Haskell has the sum function

sum :: Num a => [a] -> a

Which can be nicely composed to sum a matrix by

sum . map sum :: Num a => [[a]] -> a

Going deeper, however, such as summing a cube, creates the restriction Num [a]

sum . map sum . map sum :: (Num a, Num [a]) => [[[a]]] -> a

Which, if you think about it, is natural. So with the former attempt to define the sumcube function blowing up in one's face, we need to find a different path. One such attempt would be:

sum . map sum . map (map sum) :: Num a => [[[a]]] -> a

Which seems nowhere as natural as the summatrix function.

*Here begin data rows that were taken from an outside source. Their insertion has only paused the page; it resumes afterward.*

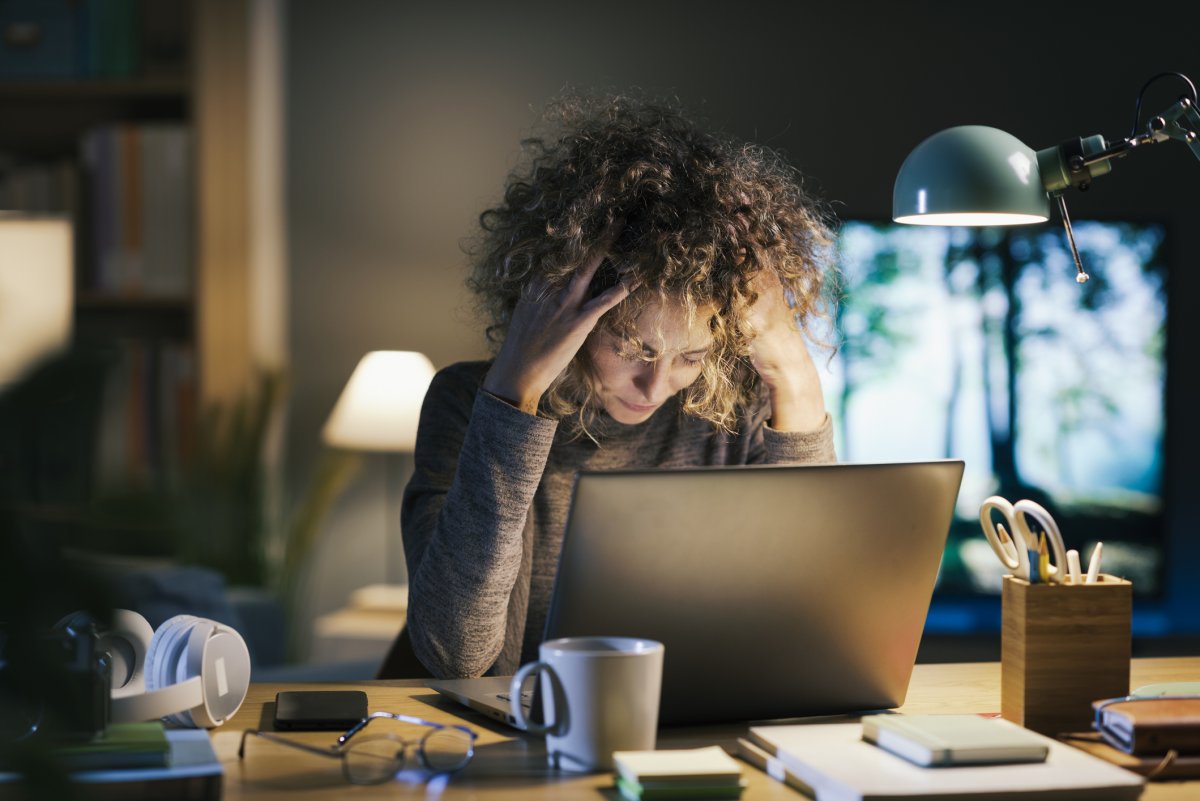 A woman works late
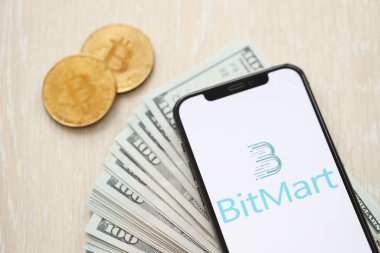 KYIV, UKRAINE - 15 Mart 2024 Bitmart logosu iPhone ekranında dolar ve bitcoin ile birlikte. Kripto döviz portalı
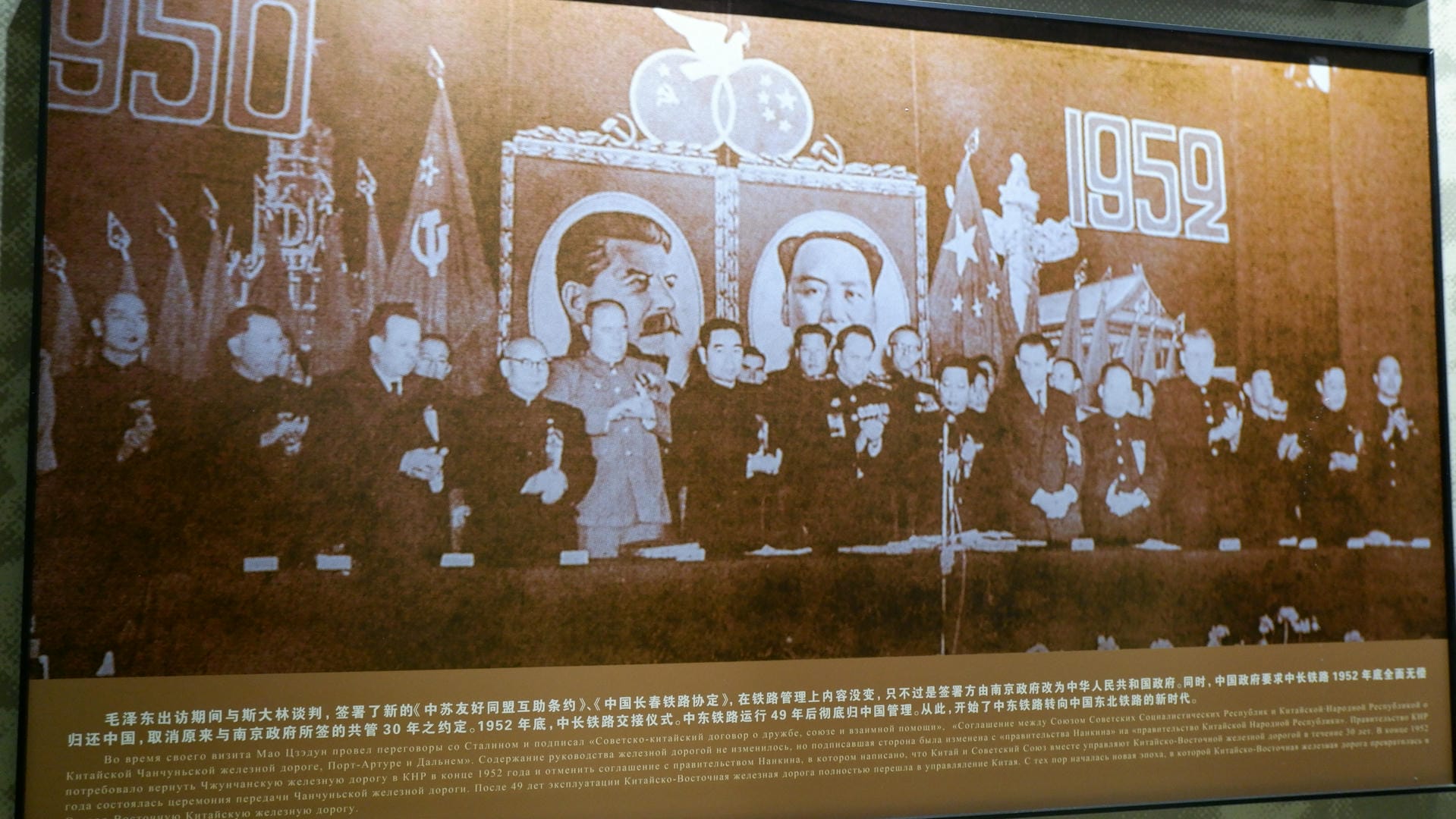 一幅历史壁画，描绘了1952年的场景，有旗帜和人物。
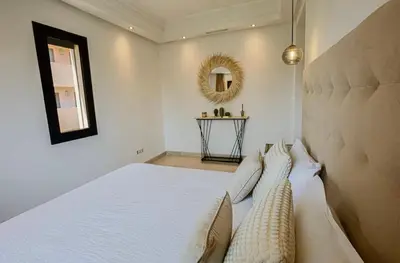 a bedroom with a large white bed with pillows at Generosa 22 in Marrakech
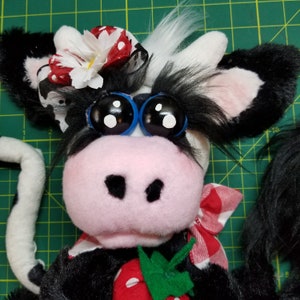 May include: A black and white plush cow with a red and white gingham bow tie, a red and white polka dot flower, and blue googly eyes. The cow is holding a green leaf and a red strawberry.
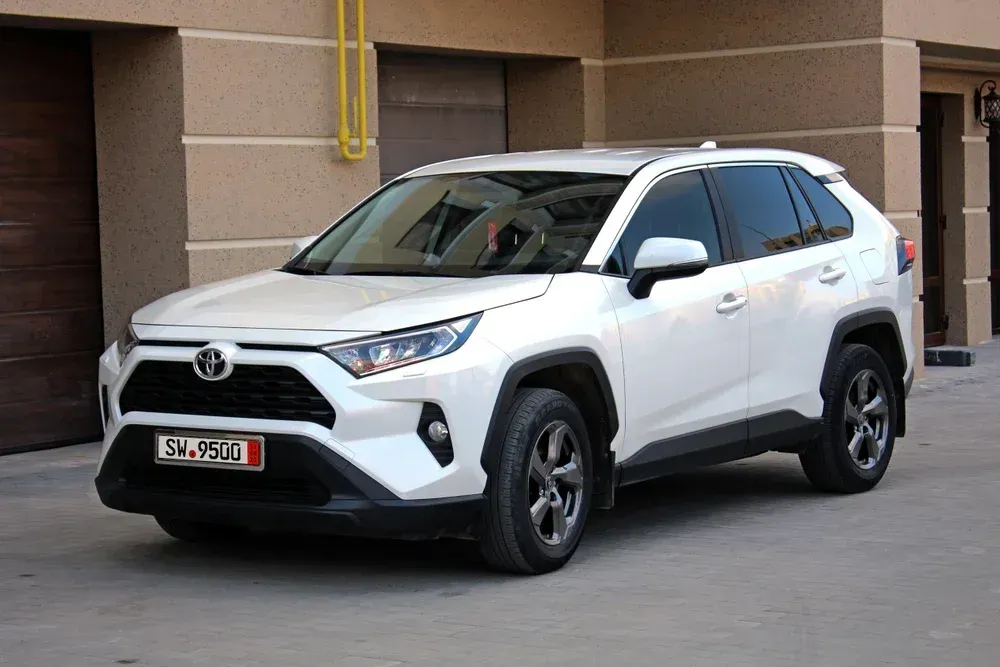 A white Toyota RAV4 SUV parked on a paved driveway in front of a building with beige walls and garage doors.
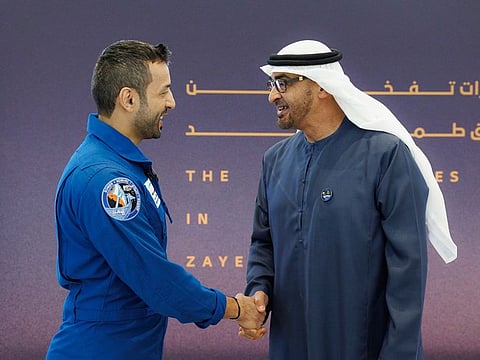 President Sheikh Mohamed bin Zayed Al Nahyan (right) with Sultan Al Neyadi upon his return to the UAE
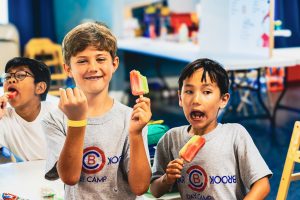 Three boys indoors eating colorful popsicles, two wearing matching Brook Day Camp shirts.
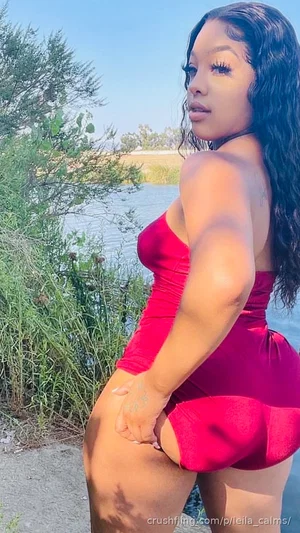 Woman in red one-piece swimsuit posing by water, outdoor setting.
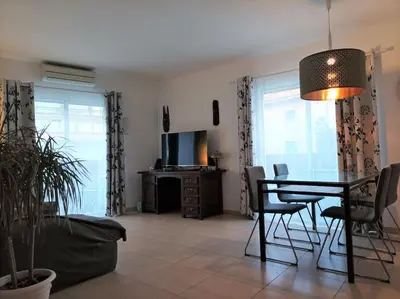 a living room with a table and chairs and a television at SITGES WELCOM HOME a summer flat in the heart of the village Sitges in Sitges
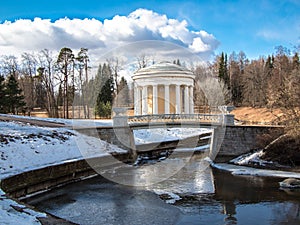 Toned image the Temple of Friendship in Pavlovsk Park (1780) in spring on the banks of the river Slavyanka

In my quest to posessing the mental tools for problem solving in Haskell, I am interested in knowing how to tackle this problem of summing a structure of any depth by, say, stacking map sums as in my third code example. Is this at all possible? And in that case, how would you do it?

Answer 1

How about typeclasses?

class Summable a where
  total :: a -> Int

instance Summable Int where
  total = id  

instance Summable x => Summable [x] where
  total = sum . map total  

total ([[[1,2,3],[4,5]],[[6],[7,8,9,10]]] :: [[[Int]]])
--55

Answer 2

You'll have to work from the inside out. When you have a function f for summing a data structure, then sum . map f is the way to sum a list of those data structures.

                     sum  :: Num a =>   [a]   -> a
           sum . map sum  :: Num a =>  [[a]]  -> a
sum . map (sum . map sum) :: Num a => [[[a]]] -> a

Answer 3

Maybe this? Assumes associativity, but adding new layer is simple

 sum . concat . concat :: Num c => [[[c]]] -> c